Однако есть много доказательств, демонстрирующих, что истории о распутстве и расточительности поселенцев далеки от необоснованности. Лорд Деламер давал ужин, на котором 250 человек употребили шестьсот бутылок шампанского. Леди Норти, супруга губернатора, танцевала на столах в клубе «Мутайга». Фрэнк Греволд-Уильямс предлагал наркотики принцу Уэльскому, а в дальнейшем его брат принц Георг получил кокаин от Кики Престон, которая «ловко управлялась с иглой». Каждый раз, когда Берилл Маркхем (под этим именем она стала известна) заводила нового любовника, одним из которых оказался еще один брат будущего короля, принц Генри, ее первый муж забивал еще один шестидюймовый гвоздь в столб у их входной двери. Вскоре там оказался весьма длинный ряд гвоздей.
Миссионеры католической церкви, судя по всему, поддались всеобщему разложению. Мейнерцхаген сомневался, что некоторые из белых отцов были белыми, но они явно были отцами.
Мать Элспет Хаксли выучила суахили по учебнику, выпущенному Обществом по распространению Евангелия. В нем содержались такие фразы: «Ленивые рабы чешутся»; «шесть пьяных европейцев убили повара».

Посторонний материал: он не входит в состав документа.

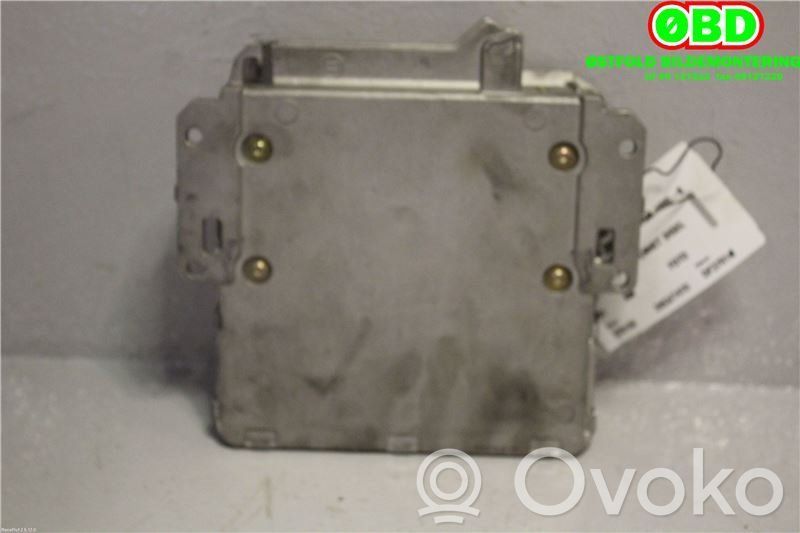 Land Rover Range Rover P38A Unité de commande, module ECU de moteur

Некоторые винили экваториальное солнце, которое действовало на нервы поселенцев, вызывая расстройства в головах. Ллевелин Повис говорил, что все сердца превратились в камень из-за горящей «головы африканской Горгоны».
Другие считали, что высота способствует прелюбодеянию. Еще некоторые верили, что скандалы у белых способствуют недовольству и неприязни черных.
Но европейцы должны были вызвать антагонизм у африканцев использованием кулака, сапога и кнута. В период между войнами нападения и даже убийства были совсем не редкостью. Поселенцы часто считали: «Если белый убьет черного, значит, достигнута достойная похвалы цель».
Их поведение в Законодательном совете тоже было агрессивным. Здесь европейцев часто подстрекал на дальнейшие крайности лорд Деламер. Они яростно осуждали врагов белого сообщества. Марджори Перхам, которая стала свидетельницей одного всплеска эмоций, решила, что Кения — патологический случай.
Это происходило отчасти потому, что европейское население было таким малочисленным— 21 000 человек к 1939 г., или 1 к 175 африканцам. В Южной Родезии было 63 000 белых жителей (в пропорции один к двадцати пяти). Кенийские европейцы постоянно жили в неуверенности, они оборонялись. Их мир представлял собой мыльный пузырь, а разреженный воздух, которым они дышали внутри, окрасился паранойей. Например, в 1920-е гг. местная пресса провела истерическую кампанию о сексуальной «черной угрозе» белым женщинам. Однако журналисты едва ли могли привести в качестве примера хотя бы один случай изнасилования, хотя белые дамы часто были склонны рассматривать своих чернокожих слуг, как «кусок дерева, и звать их в свою неубранную спальню, когда сама дама оставалась практически нагой».